In 2015, it was all DIY.

Ten Years of AI Pictures
Iconic Picasso, 14 Dec 2015

I posted a small picture on my Instagram feed on the 18th of November in 2015. A decade ago, as of next week.

This image, “Suburbia,” was one of the first I’d created using my then-newest computer, which I’d assembled specifically to make these sorts of pictures using software I'd written for that purpose. The computer sported the fastest Intel CPU I could find, a large-for-the-day SSD drive in addition to the usual system hard drive, and a fresh NVIDIA GTX Titan X graphics card to accelerate matrix math. Not long after, it contained two such graphics cards. The machine and its accessories occupied a wide corner of my home office, crowding-out the other smaller computers from half of my long desk. It had a big fan and size-XL power supply that would audibly vibrate in bursts when the GPUs were calculating intensely, which was nearly all the time. Due to overheating issues I often ran it with the case-side open.
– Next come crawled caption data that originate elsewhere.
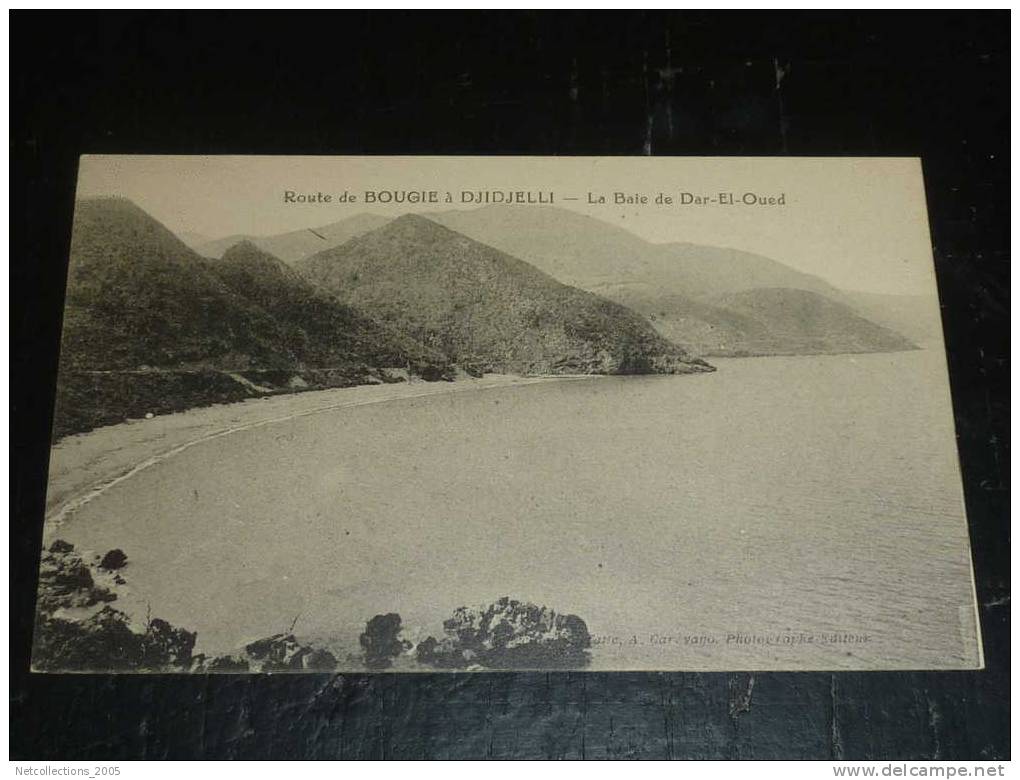 ROUTE DE BOUGIE A DJIDJELLI - LA BAIE DE DAR-EL-OUED - AFRIQUE ALGERIE
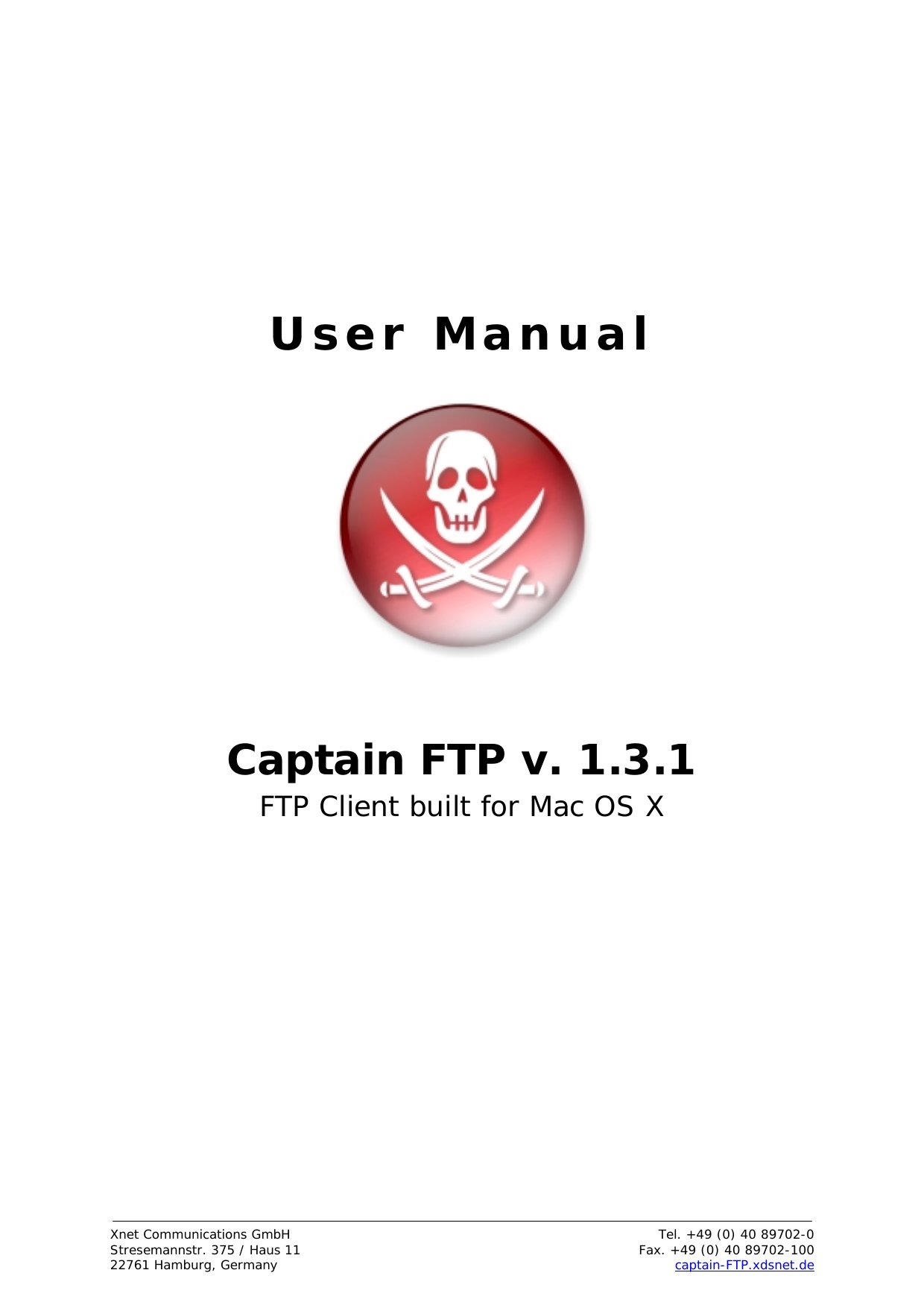 Captain FTP 1.3.1 Manual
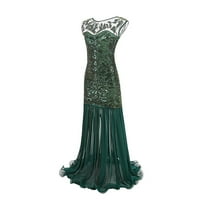 Wendunide haljine za žene, ženska vintage 1920-ih sekfikovane perlene tassele zabava za noćnu haljinu haljine zelene boje
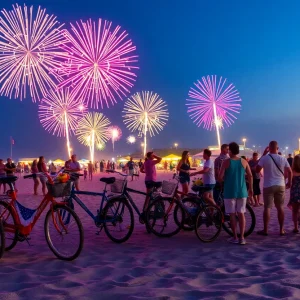 Fireworks and festivities at Newport Beach on Independence Day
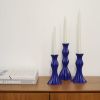 Medium Candlestick in Cobalt | Candle Holder in Decorative Objects by by Alejandra Design. Item composed of metal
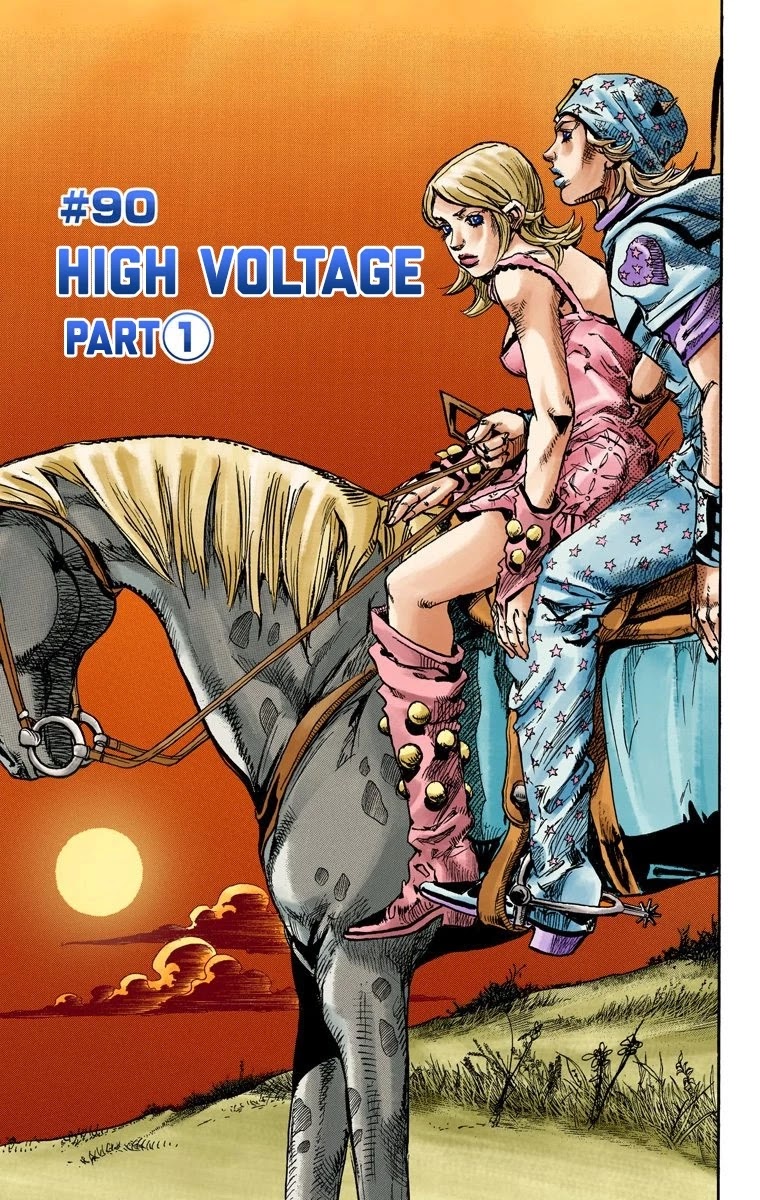 JoJo's Bizarre Adventure Part 7 - Steel Ball Run (Official Colored) chapter 90 page 2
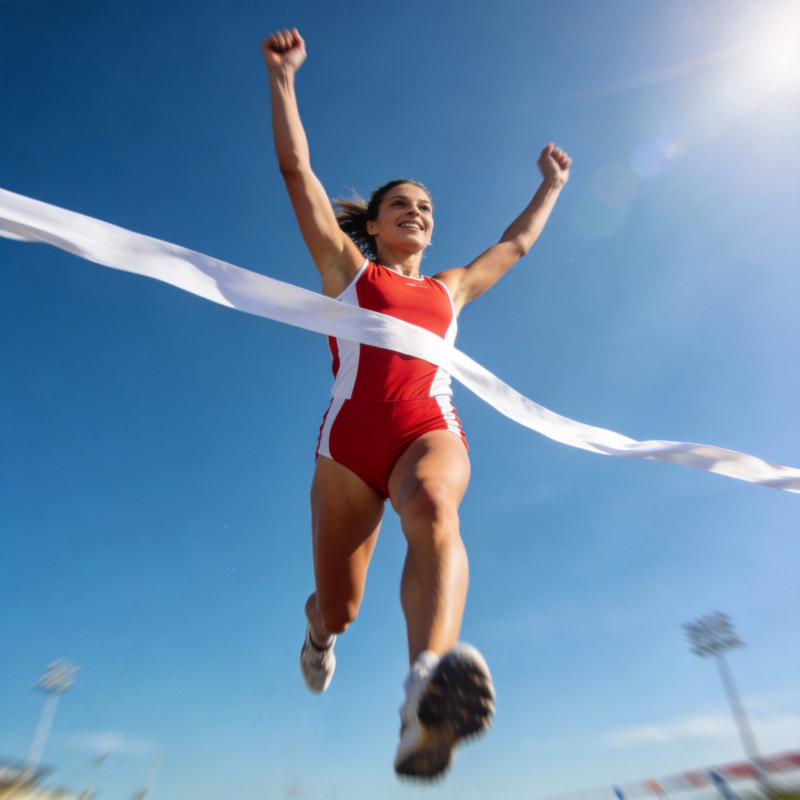 冲刺夺冠瞬间图片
The machine’s hostname was “gerald,” for reasons I don’t recall. My (future) son-in-law Josh took a look, a listen, and immediately nicknamed it “Skynet.”

“Suburbia” was made using machine-learning techniques, cribbed awkwardly from ideas in the paper “Neural Style Transfer.” Even with gerald/Skynet's GPUs, the process was very slow – there weren’t yet standard fast libraries for developing what was then commonly referred to as “deep learning.” No Theano, pytorch, Keras or TensorFlow. Only tools like numpy and BLAS.

The programmers reading this may nod knowingly, the non-programmers might instead nod-off – so I won’t detail the details except to explain that “Suburbia” was made by teaching a program to make estimated re-creations of aerial photos based on a database of thousands of other aerial photos, and then to apply those learned patterns to images what were not aerial photos - in this case, a portrait. I imagined it all as a sort of layered collage where source prints were not just pasted together, but almost liquified and their carefully-stirred fragments then allowed to cool and gel into a totally new dessert.

Each image generation required hundreds of hours of preparatory computer training on my image collection(s) before even starting to make new pictures, and each generated picture could in turn take anywhere from 20 minutes to 3 hours to produce.

Collecting the source aerial imagery was the most time-consuming, had the biggest effects on the results, and unlike the calculation, something that needed to be done “by hand,” browsing public sources, web sites, etc., reformatting or excerpting to fit into my (large but also not so large) computer capabilities.

The results, after weeks of effort and long hours staring at various messes or crash logs, started to make themselves known around the end of 2015: What I knew was a new kind of picture, never seen before. Low-res 512x512, a little blurry, and when posted online, entirely ignored by the rest of the world.